This is turning out really nice!
Hey, good choice. I didn't know the two ball was blue. Like you, B., I like the aloofness of it is
Clever lad!
Hey I just noticed in my last verse that I repeated "falling" which appears twice already in bandits obelisk stanza... do you think I should rework that line?
Ah, shoot...how did I miss that?
I'd say let's consider changing "obelisk" to a synonym for falling first, though I'm a bit brain dead from a long day at the moment:
dropping, slipping, plunging, descending, floating...
shadow of the obelisk
...growing longer
...shifting shape
...changing shape*
...beyond my sight
...longer each day
...cast at odd angles*
...shading the eye
...hugging the terrain
...migrating softly
...lengthening slowly
...pointing the way
...blocking the sun
...coloring my thoughts*
...colorless within
...marking the spot
...ad infinitum
or something similar?
My #1 vote is coloring my thoughts.
#2 changing shape.
Good Catch Eric-
I like changing shapes also
Does anyone have pictures from their ginko walk? Send along 2 or 3 good ones for our Hailstone friends.
Oh B! I like the 'stares of the the drugstore cowboys' best.
You may want to email your request for photos, not all may come and read these comments.
We could use a little input on choice of our spring/love verse.
TM has a clever take on link; and I know about snow in springtime!
I wonder if the drugstore cowboys might be more in keeping with the overall tone we've been achieving thus far? Something a little more human, with all our fallibilities (hope I spelled that right).
I do have a concern about the length of the stanza, and if it reads well-perhaps it may serve to change the pace?
I'd like to hear from some others on this...
Hey guys, sorry I've been M.I.A. I've had a crazy weekend! Bluegrass festival in Golden Gate park and a 49ers game on Sunday!
I think of these verses I like TMs about intricate patterns... I think the drugstore cowboy ones are a little too long for a two liner.

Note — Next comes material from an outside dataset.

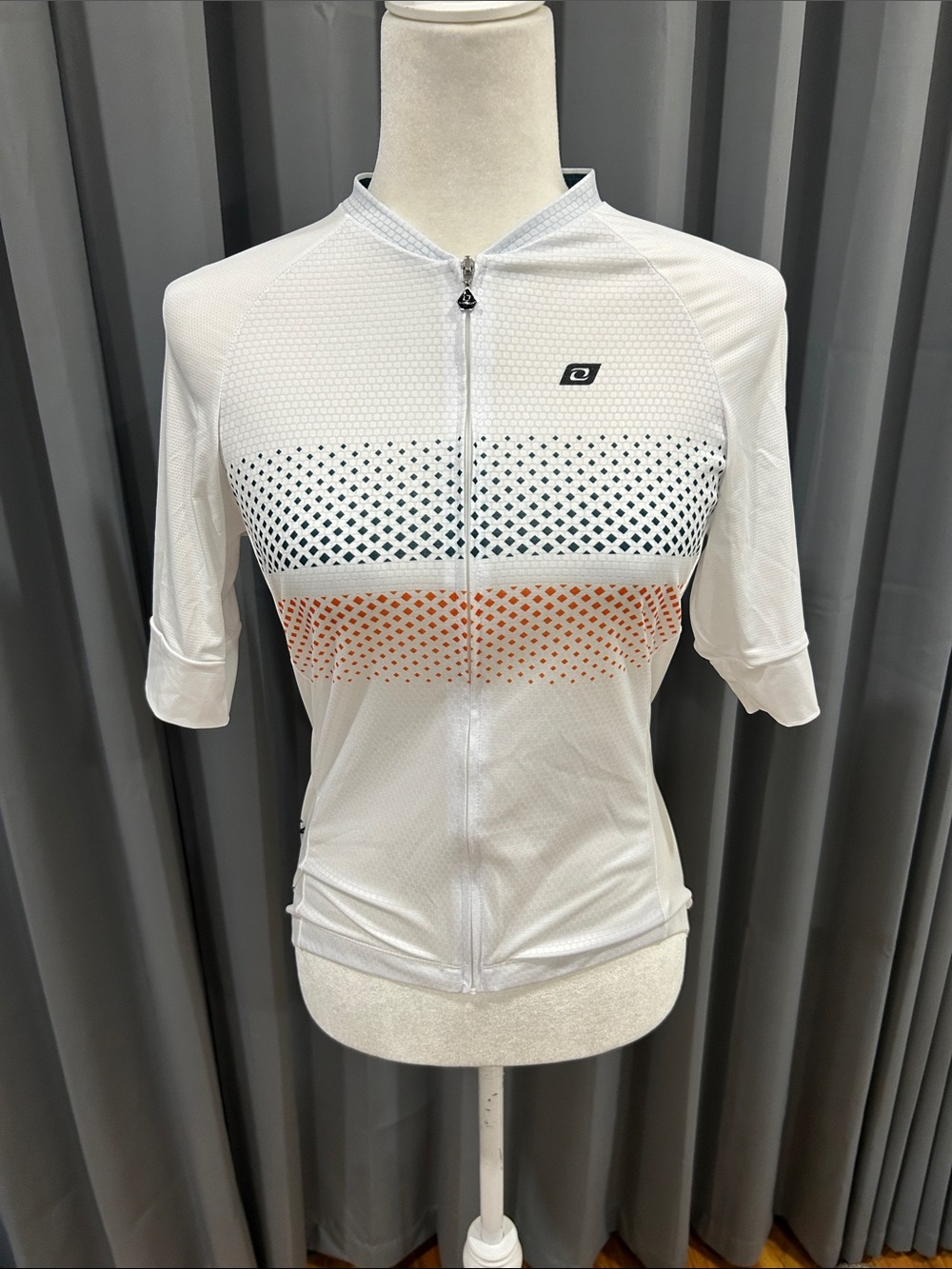 Lameda Lightweight Women's Cycling Jersey - White with Blue & Orange Accents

But I'm not sure... maybe we should rework these?? Maybe saying the word "love' is unnecessary, and we should imply it instead? Just some thoughts. :)
I like your idea-'drugstore cowboys' kinda clunks along, but the 'love' verse was just a little bland as is; sorry, T!-good point about implying the love without being so obvious.
Wow, I've always wanted to go to a bluegrass festival-one of these days...
Been to some blues festival. Seen Canned Heat three different times, each time by a river-Harvey Mandel took a six minute solo at one that blew my face clean off! Needed reconstructive surgery after that one.
Back to the drawing board. I haven't had the time lately to give this the attention it deserves.
Oh man, your taking us way back with Canned Heat. They're great!
EC, on the 25th is a free Woodstock revival at Golden Gate Park called West Fest. I do believe we shall be there.
Have we solved our own riddle Mr. Bandit?? I've got some ideas but I'm having trouble with the line spacing so I'll post here...
I think a blues concert or bluegrass concert could be a good link eh?
bluegrass cutie...
such a nice turkey feather hat
locking eyes
she appeared from center stage
canned heat
I offer her a sip
Hey TM, I'll probably be there too! We went to the 4oth anniversary concert for the summer of love a few years ago. Love those free concerts. We saw canned heat too bandit among others Jefferson aiplane, wavy gravy, Michael Mclure and the remaining doors, etc. The woodstock one should be good.
ok, this is about as opposite from my first try as you can get!
Hey Eric,
Let me know if you go to the park that day. Maybe we can say hello in person.
I'm trying to determine the link between these and the previous verse-except for maybe the Canned Heat link. A bunch of "counter culture" types playing at the bar, or on the jukebox while the pool game is going on. The aloof rebel declares his interest in a cute young thang between turns at the pool table-then takes her aside and maybe tries to 'contribute to her negligence' by offering the starry eyed girl a sip-of what, we don't exactly know. The rebelliousness she's always longed for, to escape from her parents oversight and spread her wings, perhaps ready to "fly" too high?
Is it love, or infatuation?
The thing we don't have is a spring reference, though this is a Junicho, and we can bend the rules some.
Hmmm. I like the darkness of this verse-seven words carry so many possibilities and scenarios. It carrys on a mood from throughout the entire piece, unlike a lot of haiku and renku online, there's no edge, no sordid reality. Ehh, but that's just me.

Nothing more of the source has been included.